> What to do
What lines below contain the word "Black"? Please pull each one out.

Dataset excerpts:
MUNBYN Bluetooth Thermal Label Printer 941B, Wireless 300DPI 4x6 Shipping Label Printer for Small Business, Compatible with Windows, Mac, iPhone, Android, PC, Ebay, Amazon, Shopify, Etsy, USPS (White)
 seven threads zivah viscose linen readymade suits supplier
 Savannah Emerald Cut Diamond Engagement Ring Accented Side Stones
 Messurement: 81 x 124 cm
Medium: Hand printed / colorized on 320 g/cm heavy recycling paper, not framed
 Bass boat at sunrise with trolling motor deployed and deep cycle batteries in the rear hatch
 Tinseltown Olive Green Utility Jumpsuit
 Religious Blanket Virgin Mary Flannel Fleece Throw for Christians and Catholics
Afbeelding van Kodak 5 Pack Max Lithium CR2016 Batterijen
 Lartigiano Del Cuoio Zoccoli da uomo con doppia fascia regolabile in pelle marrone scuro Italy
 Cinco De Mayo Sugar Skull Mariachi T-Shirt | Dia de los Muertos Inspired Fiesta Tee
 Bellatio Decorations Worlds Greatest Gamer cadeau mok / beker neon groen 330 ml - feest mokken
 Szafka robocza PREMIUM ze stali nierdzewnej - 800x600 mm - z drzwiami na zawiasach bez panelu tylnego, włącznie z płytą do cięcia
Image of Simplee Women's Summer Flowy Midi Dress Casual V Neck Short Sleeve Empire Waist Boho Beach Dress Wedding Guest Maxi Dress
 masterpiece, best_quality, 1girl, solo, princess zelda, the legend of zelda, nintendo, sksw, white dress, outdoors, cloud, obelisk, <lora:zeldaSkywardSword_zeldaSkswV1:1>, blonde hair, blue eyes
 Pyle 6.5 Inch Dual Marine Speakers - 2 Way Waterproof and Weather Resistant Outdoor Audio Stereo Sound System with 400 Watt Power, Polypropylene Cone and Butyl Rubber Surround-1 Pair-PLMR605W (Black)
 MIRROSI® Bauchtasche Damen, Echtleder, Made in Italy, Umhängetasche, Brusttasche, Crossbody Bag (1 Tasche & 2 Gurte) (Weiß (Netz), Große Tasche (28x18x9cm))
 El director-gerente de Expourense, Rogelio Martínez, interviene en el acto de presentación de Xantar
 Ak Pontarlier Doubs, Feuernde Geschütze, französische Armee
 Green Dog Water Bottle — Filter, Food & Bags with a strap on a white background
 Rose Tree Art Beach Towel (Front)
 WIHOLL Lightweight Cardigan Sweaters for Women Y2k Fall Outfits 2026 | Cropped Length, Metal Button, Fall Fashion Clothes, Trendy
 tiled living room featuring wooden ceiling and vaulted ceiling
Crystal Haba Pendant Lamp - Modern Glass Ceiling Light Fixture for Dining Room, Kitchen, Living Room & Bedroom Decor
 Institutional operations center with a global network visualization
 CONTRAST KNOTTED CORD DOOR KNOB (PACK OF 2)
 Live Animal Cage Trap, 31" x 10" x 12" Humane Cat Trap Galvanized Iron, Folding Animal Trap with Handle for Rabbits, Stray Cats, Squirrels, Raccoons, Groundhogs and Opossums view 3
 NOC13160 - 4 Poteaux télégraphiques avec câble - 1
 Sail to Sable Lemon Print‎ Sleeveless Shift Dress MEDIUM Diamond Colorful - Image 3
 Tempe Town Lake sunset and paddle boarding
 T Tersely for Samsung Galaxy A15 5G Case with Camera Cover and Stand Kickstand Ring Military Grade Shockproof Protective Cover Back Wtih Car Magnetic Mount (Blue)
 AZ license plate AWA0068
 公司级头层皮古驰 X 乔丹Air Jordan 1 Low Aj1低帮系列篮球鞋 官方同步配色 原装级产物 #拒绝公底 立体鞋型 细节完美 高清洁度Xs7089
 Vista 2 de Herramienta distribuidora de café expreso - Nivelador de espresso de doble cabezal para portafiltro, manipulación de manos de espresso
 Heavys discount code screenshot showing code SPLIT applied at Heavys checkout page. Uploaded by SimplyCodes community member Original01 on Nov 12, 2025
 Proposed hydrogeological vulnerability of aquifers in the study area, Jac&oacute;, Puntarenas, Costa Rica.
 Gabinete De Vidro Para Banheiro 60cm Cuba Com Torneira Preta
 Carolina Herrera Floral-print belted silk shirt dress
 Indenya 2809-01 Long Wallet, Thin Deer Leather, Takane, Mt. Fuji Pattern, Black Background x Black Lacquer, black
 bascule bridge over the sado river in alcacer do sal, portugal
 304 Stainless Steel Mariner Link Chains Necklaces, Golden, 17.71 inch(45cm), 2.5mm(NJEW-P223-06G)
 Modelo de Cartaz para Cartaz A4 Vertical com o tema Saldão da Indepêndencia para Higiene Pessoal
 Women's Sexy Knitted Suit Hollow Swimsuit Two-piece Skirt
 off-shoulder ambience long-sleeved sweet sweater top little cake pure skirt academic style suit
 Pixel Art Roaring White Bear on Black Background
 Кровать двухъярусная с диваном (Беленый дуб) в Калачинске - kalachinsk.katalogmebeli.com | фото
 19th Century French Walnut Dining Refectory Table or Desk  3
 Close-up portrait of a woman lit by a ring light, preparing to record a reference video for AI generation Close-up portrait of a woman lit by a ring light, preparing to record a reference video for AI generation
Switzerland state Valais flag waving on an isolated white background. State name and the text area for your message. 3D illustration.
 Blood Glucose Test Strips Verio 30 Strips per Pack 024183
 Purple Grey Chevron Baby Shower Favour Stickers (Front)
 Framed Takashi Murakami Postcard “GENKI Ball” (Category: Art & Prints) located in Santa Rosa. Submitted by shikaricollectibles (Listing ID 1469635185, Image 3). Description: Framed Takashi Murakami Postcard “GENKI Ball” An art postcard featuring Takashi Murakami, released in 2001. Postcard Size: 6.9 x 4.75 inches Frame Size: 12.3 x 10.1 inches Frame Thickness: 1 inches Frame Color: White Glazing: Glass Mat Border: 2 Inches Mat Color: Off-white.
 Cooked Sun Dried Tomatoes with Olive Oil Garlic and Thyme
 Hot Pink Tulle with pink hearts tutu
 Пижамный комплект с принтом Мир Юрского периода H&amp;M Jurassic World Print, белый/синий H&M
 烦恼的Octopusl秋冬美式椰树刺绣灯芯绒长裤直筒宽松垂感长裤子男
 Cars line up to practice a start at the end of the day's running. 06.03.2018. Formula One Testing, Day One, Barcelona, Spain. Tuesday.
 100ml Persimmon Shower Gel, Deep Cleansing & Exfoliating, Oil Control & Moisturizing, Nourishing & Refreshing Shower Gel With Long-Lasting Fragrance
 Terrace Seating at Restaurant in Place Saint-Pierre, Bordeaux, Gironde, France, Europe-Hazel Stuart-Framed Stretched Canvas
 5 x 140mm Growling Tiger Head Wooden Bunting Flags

> Response area
 Pyle 6.5 Inch Dual Marine Speakers - 2 Way Waterproof and Weather Resistant Outdoor Audio Stereo Sound System with 400 Watt Power, Polypropylene Cone and Butyl Rubber Surround-1 Pair-PLMR605W (Black)
 Indenya 2809-01 Long Wallet, Thin Deer Leather, Takane, Mt. Fuji Pattern, Black Background x Black Lacquer, black
 Pixel Art Roaring White Bear on Black Background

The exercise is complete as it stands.